Interpretive Summary: Drinking water distribution systems in municipalities in the United States are located underground, and the pipes are often laid in the same trench as the pipes for sanitary sewers. Sanitary sewers are notoriously leaky, releasing wastewater containing human pathogens into the surrounding soil. The close proximity of these two piping systems, clean drinking water and contaminated wastewater, has raised questions as to whether the activities necessary for day-to-day management of distribution systems could result in contamination. Cutting a pipe open or having a water main break accidently creates an obvious opening for contaminants to enter. A less obvious entry point, believed to happen but its importance not understood, is when an event in a distribution system, like closing a valve, creates a wave of negative pressure similar to water hammer in a house. When this happens, the leaks in the distribution system briefly suck water inward instead of pushing water outward, thus bringing surrounding soil into the pipes.
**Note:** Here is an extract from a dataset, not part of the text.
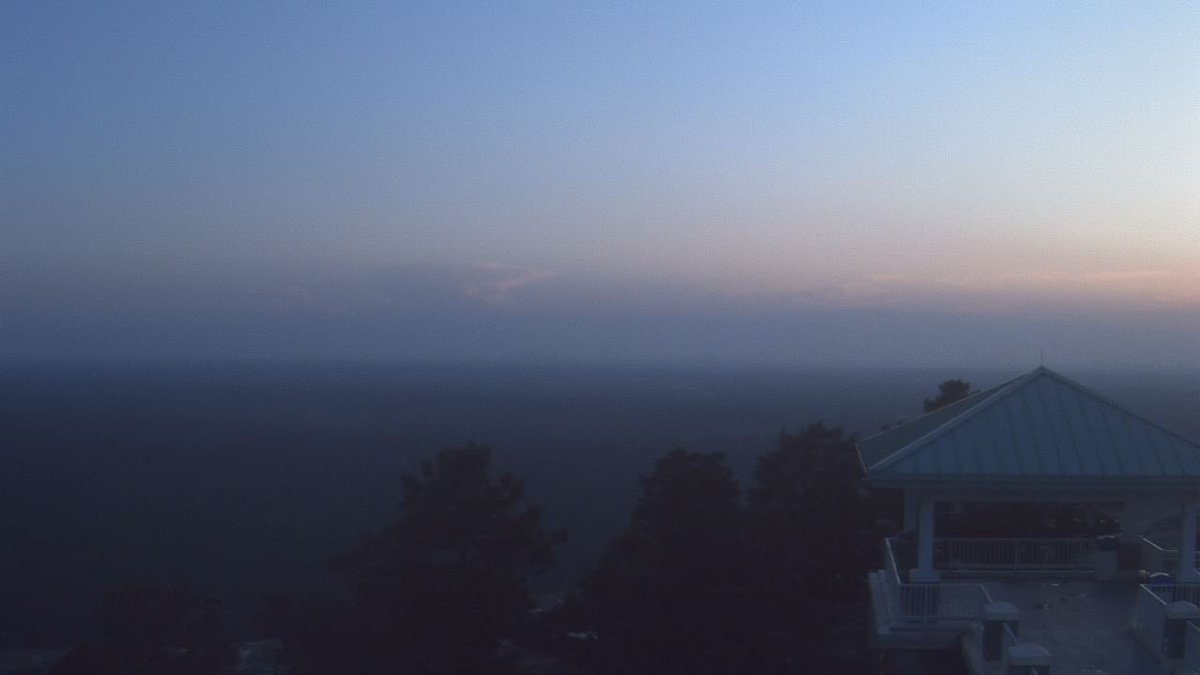 It's 76F in #Atlanta w clear sky &amp; winds 10.36mph humidity 77% #atl goo.gl/rgRHET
This study related contamination levels of human gastrointestinal viruses in the tap water of 14 Wisconsin communities to operation and maintenance procedures the communities conducted in their distribution systems. Installing new pipes, which required opening up the systems, was found to be the activity that posed the greatest risk for virus contamination. Standard maintenance practices such as cleaning water towers and exercising valves to make sure they turn could create negative pressure waves and these activities were shown to have a weak effect in increasing virus levels. Cleaning pipes by hydrant flushing was shown to be beneficial in reducing virus contamination. Knowing when their distribution system could be vulnerable to contamination will help drinking water utilities take preventative measures. More broadly, these findings are relevant to any industry that uses piping for distributing raw or finished product, for example irrigation water or fluid milk, that needs to avoid product contamination from materials outside the piping system.
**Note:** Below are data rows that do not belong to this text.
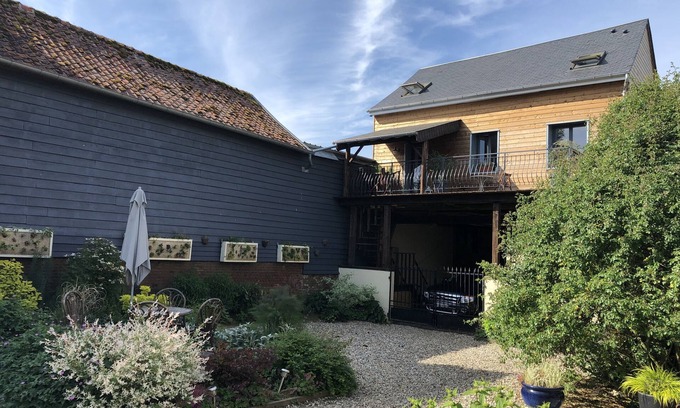 Bergicourt Cottage | Gîte in the heart of a valley with terrace 20 minutes from Amiens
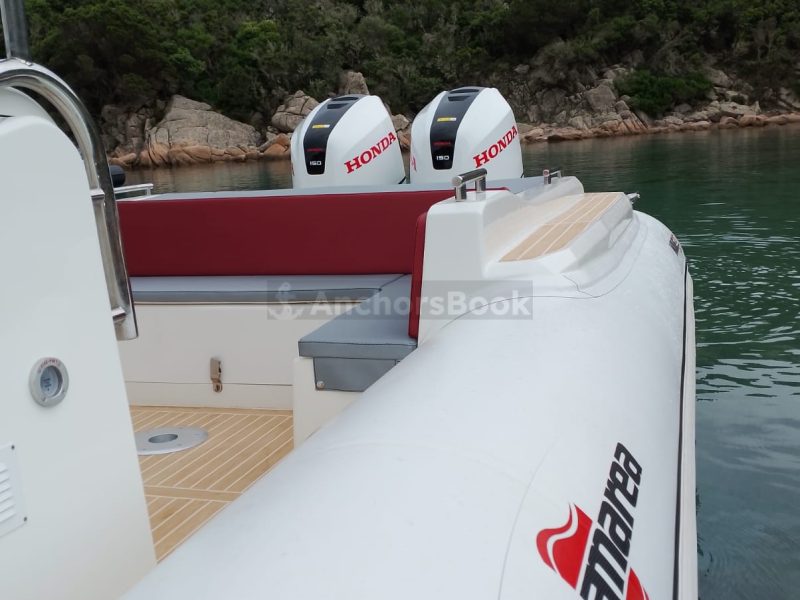 Altamarea Wave 27 gt rubber boat available for rental with or without skipper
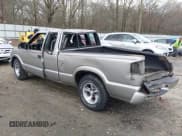 ✅ 2003 Chevrolet S-10 LS • VIN: 1GCCS19X438144296 • Лот: 41717315. Опубликован ранее на IAAI с пробегом 271 041 миль. Бесплатный доступ к архиву аукционных продаж из США и подробный отчёт об истории автомобиля на DreamBid. Изображение 3.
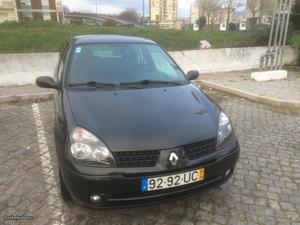 Renault Clio 1.5 dci Setembro/02 - à venda - Ligeiros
Technical Abstract: We tested the association of common events in drinking water distribution systems with contamination of household tap water with human enteric viruses. Viruses were enumerated by qPCR in the tap water of 14 municipal systems that use non-disinfected groundwater. Ultra-violet disinfection was installed at all active wellheads to reduce virus contributions from groundwater to the distribution systems. As no residual disinfectant was added to the water, any increase in virus levels measured downstream at household taps would be indicative of distribution system intrusions. Utility operators reported events through written questionnaires. Virus outcome measures were related to distribution system events using binomial and gamma regression. Virus concentrations were elevated in the wells, reduced or eliminated by UV disinfection, and elevated again in distribution systems, showing that viruses were, indeed, directly entering the systems. Pipe installation was significantly associated with higher virus levels, whereas hydrant flushing was significantly associated with lower virus levels. Weak positive associations were observed for water tower maintenance, valve exercising, and cutting open a water main. Coliform bacteria detections from routine monitoring were not associated with viruses. Understanding when distribution systems are most vulnerable to virus contamination, and taking precautionary measures, will ensure delivery of safe drinking water.